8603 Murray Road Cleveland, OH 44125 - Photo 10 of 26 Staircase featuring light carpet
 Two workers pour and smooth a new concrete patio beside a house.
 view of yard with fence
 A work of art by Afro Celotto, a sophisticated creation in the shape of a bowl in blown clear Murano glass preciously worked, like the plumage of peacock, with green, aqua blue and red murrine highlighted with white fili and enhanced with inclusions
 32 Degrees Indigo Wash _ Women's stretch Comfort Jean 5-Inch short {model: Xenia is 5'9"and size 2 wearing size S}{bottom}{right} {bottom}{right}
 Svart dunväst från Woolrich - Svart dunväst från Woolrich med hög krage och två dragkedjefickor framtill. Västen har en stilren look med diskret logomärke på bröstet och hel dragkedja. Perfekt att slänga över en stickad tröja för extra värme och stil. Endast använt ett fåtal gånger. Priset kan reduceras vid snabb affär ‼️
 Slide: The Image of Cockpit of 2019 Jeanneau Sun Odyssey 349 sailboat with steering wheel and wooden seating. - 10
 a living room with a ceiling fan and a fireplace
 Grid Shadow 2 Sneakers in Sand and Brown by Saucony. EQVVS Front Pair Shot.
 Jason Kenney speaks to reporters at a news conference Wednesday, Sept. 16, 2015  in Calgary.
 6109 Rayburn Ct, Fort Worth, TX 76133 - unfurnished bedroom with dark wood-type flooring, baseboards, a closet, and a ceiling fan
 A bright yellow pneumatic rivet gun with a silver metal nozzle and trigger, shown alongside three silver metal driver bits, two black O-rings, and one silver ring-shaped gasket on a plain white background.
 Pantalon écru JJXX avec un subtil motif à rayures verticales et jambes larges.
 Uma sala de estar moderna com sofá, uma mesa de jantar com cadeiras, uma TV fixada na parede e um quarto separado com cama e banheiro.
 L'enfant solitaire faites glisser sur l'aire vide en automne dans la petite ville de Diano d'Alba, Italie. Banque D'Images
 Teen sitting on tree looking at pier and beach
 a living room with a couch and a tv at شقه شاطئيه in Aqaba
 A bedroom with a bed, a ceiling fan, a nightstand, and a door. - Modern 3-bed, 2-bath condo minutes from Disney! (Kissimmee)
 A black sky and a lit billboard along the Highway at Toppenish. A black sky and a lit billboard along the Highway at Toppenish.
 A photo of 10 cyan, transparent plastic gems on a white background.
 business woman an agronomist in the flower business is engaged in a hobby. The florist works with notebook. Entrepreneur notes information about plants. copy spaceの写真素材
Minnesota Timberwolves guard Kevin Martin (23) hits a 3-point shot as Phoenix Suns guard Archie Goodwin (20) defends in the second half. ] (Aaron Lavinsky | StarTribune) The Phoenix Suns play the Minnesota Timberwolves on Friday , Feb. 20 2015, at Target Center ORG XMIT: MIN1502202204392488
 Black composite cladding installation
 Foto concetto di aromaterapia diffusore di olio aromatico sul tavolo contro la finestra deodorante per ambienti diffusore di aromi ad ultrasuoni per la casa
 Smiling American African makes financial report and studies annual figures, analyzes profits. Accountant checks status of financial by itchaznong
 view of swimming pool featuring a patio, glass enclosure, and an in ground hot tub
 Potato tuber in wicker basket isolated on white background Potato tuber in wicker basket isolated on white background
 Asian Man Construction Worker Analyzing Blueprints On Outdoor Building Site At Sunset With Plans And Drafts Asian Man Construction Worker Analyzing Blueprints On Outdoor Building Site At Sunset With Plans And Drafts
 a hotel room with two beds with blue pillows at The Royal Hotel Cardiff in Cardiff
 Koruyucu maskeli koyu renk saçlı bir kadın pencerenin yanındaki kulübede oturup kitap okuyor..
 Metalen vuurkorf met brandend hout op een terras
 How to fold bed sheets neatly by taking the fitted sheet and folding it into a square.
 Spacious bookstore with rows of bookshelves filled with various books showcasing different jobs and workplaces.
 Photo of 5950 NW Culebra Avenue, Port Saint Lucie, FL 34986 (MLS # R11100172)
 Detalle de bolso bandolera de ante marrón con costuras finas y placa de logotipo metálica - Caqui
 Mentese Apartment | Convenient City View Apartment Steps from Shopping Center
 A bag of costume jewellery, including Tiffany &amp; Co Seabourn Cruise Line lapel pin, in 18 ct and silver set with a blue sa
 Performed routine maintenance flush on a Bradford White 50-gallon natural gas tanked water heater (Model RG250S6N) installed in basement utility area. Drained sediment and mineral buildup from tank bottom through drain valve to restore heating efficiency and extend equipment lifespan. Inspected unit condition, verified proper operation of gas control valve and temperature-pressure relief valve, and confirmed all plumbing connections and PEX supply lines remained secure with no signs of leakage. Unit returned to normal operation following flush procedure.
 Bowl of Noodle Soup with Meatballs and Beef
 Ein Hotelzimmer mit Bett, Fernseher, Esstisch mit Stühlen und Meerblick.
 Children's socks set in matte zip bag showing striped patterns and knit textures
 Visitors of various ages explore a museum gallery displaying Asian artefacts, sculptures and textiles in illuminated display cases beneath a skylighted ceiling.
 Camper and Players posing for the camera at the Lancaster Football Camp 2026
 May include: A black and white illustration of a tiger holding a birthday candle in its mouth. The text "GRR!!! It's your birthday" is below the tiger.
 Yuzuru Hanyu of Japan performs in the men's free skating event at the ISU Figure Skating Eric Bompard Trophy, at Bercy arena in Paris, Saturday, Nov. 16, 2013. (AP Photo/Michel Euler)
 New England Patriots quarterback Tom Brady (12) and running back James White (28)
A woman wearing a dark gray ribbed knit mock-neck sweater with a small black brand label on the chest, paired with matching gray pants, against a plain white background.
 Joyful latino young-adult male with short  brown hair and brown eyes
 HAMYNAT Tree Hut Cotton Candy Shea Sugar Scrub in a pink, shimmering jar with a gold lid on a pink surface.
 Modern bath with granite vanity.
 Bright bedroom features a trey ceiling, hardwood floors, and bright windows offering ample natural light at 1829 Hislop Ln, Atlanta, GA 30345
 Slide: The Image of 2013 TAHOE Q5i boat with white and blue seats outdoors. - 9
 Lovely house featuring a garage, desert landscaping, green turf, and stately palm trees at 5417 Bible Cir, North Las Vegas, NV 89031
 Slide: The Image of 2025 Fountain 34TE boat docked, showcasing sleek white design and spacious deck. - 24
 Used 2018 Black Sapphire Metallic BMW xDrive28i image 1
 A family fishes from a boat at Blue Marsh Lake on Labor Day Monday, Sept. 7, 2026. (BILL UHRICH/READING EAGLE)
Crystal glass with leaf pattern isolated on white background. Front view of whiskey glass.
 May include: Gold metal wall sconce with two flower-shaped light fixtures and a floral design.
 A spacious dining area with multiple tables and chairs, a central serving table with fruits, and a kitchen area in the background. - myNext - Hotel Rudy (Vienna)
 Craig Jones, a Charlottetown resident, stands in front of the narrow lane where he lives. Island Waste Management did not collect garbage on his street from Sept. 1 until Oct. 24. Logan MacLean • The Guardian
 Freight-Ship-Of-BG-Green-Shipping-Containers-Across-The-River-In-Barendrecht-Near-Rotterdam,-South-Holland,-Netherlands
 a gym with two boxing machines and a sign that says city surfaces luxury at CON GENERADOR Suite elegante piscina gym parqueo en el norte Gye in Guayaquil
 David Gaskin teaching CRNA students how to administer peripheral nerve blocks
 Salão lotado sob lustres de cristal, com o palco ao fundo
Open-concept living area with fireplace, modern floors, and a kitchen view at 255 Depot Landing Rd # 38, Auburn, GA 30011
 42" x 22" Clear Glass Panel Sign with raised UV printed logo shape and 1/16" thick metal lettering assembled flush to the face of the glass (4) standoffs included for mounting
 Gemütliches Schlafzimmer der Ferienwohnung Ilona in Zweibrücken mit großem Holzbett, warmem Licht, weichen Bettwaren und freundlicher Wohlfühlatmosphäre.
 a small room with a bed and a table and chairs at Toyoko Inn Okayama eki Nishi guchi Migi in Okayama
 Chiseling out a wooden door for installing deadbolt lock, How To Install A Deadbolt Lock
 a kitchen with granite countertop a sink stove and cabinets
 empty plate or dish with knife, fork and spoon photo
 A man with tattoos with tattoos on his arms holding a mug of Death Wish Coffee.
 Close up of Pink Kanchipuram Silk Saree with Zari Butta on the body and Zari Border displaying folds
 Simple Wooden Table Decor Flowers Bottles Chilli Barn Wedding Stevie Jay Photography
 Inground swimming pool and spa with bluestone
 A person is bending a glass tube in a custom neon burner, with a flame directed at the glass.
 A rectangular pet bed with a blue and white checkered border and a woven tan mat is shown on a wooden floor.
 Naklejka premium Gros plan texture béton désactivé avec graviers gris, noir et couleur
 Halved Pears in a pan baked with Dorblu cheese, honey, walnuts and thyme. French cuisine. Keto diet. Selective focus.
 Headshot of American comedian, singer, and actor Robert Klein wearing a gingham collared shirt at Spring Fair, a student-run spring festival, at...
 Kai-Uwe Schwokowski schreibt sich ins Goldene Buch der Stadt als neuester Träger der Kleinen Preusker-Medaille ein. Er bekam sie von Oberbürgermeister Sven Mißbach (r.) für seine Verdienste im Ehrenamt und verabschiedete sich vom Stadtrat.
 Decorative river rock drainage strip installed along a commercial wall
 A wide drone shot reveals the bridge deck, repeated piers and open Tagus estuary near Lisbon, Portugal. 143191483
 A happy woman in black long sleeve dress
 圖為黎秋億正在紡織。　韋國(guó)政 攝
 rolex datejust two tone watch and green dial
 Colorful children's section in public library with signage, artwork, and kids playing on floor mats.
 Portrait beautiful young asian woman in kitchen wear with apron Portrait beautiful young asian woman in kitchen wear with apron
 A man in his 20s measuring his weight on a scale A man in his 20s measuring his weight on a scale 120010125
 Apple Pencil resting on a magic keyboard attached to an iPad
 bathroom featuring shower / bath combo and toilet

_ _ _ _ _ _ _

» **AIM OF THE TASK**
Where the data above reaches the line holding "Metalen vuurkorf met", begin printing, and stop after the line holding "May include: A". Each line must be reproduced exactly, with nothing else added.

» **FINISHED EXERCISE**
 Metalen vuurkorf met brandend hout op een terras
 How to fold bed sheets neatly by taking the fitted sheet and folding it into a square.
 Spacious bookstore with rows of bookshelves filled with various books showcasing different jobs and workplaces.
 Photo of 5950 NW Culebra Avenue, Port Saint Lucie, FL 34986 (MLS # R11100172)
 Detalle de bolso bandolera de ante marrón con costuras finas y placa de logotipo metálica - Caqui
 Mentese Apartment | Convenient City View Apartment Steps from Shopping Center
 A bag of costume jewellery, including Tiffany &amp; Co Seabourn Cruise Line lapel pin, in 18 ct and silver set with a blue sa
 Performed routine maintenance flush on a Bradford White 50-gallon natural gas tanked water heater (Model RG250S6N) installed in basement utility area. Drained sediment and mineral buildup from tank bottom through drain valve to restore heating efficiency and extend equipment lifespan. Inspected unit condition, verified proper operation of gas control valve and temperature-pressure relief valve, and confirmed all plumbing connections and PEX supply lines remained secure with no signs of leakage. Unit returned to normal operation following flush procedure.
 Bowl of Noodle Soup with Meatballs and Beef
 Ein Hotelzimmer mit Bett, Fernseher, Esstisch mit Stühlen und Meerblick.
 Children's socks set in matte zip bag showing striped patterns and knit textures
 Visitors of various ages explore a museum gallery displaying Asian artefacts, sculptures and textiles in illuminated display cases beneath a skylighted ceiling.
 Camper and Players posing for the camera at the Lancaster Football Camp 2026
 May include: A black and white illustration of a tiger holding a birthday candle in its mouth. The text "GRR!!! It's your birthday" is below the tiger.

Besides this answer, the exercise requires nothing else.